The structure of a family office can take many legal forms and can be a combination of legal forms involving trusts, companies and foundations.  Which form is best may depend on the family’s drivers for establishing the office, the type of assets to be held and perhaps how the family intends to benefit from the structure.  For example, there might be one trust holding the equities in the family business, with restrictions as to the sale or charging of those equities, and multiple trusts benefitting each branch of the family; those individual trusts having sub-funds for investment and asset-holding purposes.  The sub-fund for investment purposes may have an investment committee with and/or reserved investment powers to certain beneficiaries whereas the sub-fund for asset-holding may be entirely discretionary with the assets ring-fenced in subsidiary companies of which family members can be the directors.

Often, private trust companies are used to act as trustees of the family trusts.  These companies are exempt from direct financial regulation and are usually orphan entities; their shares being held by a purpose trust which has the sole purpose of holding those shares.  Often the purpose trust will consist of an enforcer committee made up of family members whose consent is required before the trustees of the purpose trust can take action in relation to the shares in the private trust company.  Likewise, the articles of association of the private trust company are often personalised so voting at board level involves members of the family and there may be different combinations of family members voting at board level at different times.

Despite family offices not being directly regulated in either Jersey or Guernsey, regulation is a factor for families to consider.  Depending on the family office’s activities, key employed staff located in Jersey or Guernsey may need to be regulated for financial services business and a family office might consider its own anti-money laundering regime.

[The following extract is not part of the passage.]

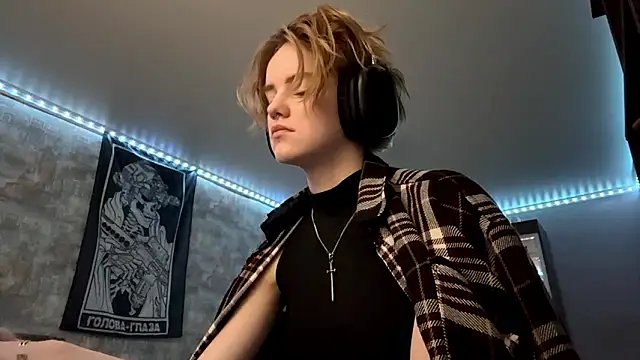 CutieGoga's cam snapshot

A family office can be considerably effective in preserving and enhancing wealth across a family’s generations.  It can also bring a family together where wealth has previously segregated the family.  Jersey and Guernsey are both attractive places to form a family office because of their long tradition of political, legal and regulatory stability with close links to the UK and the EU; they have flexible and robust laws, highly skilled professionals, mature well-regulated business environments and neutral transparent tax platforms.  Their international reputations are excellent; they are regularly assessed by MoneyVal and are consistently considered to be leading jurisdictions.